The production of the online edition of the Star demands a level of commitment that few people could maintain over a long period. Stephen says: “Online is completely different to a paper. It is a very quick turnover of stories, a massive rush to get stories up, at the moment I am working on five stories, all that should be up today. It is a 24/7 operation.”

It is because other newspapers no longer fund investigative journalism that the Star can have an effect on getting local stories into the mainstream media. When iGas decided to start fracking at Barton Moss in Salford, it probably did not realise that the involvement of Salford Star in documenting the daily protests by Barton Moss camp would lead the issue to become a national one. As Stephen says: “The Barton Moss campaign was more effective because it had a local media (the Star) to promote it. We know how to communicate and can help campaigns to win.”
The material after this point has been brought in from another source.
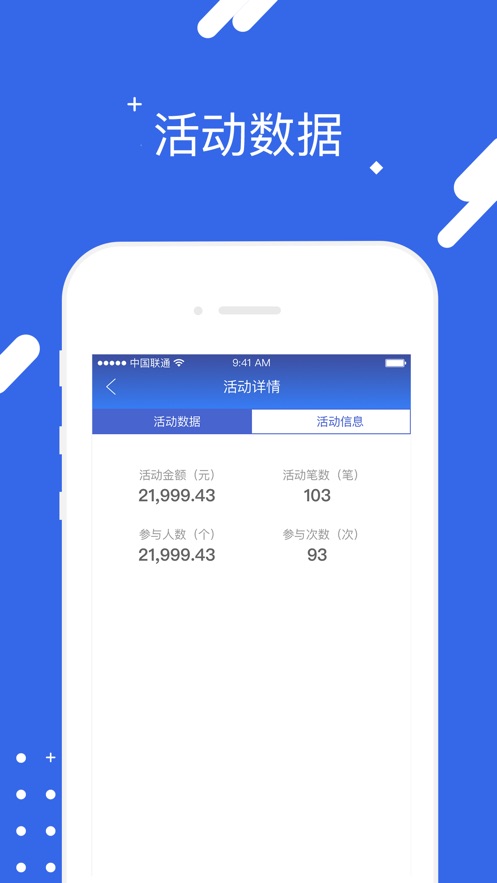 汇旺财app下载
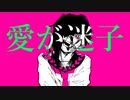 【初音ミク】愛が迷子 【VOCAROCK】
No-Fracking-In-Salford-Neither he nor Steve Speed get any pay from the Star, but because of their high profile in producing a quality product it has led to them getting other work. “The spin-offs have been working on trade union newspapers, teaching, running workshops but we still don’t make enough money to live on.”

So why do they do it? Stephen is very clear about this: “Someone has got to do it. If you have the skills, it’s important for democracy and accountability and if you don’t use those skills, you are selling yourself out, your soul and selling the city out. It is incredibly important that people know this stuff.”

Bucking the print trend

In September, they are going back into print. Typically, the Star is bucking a national trend. The print edition is being funded by donations and advertising and will be free. As Stephen says: “I don’t want the poor working class of Salford to pay for it. We are printing two issues, that is 20,000 copies, going straight into peoples’ homes.”

They see themselves as content curators, an example being the high number of videos that were taken at Barton Moss Camp documenting the day-by-day protest. “We can sift through videos and package them so that people can understand what has happened.”

For Steve and Stephen, the Star is something more than a newspaper. “Its roots are in do- it-yourself. The idea is to make a good community magazine that entertains and holds people to account. It is there for future generations. We are creating an archive for people in the future to learn from.”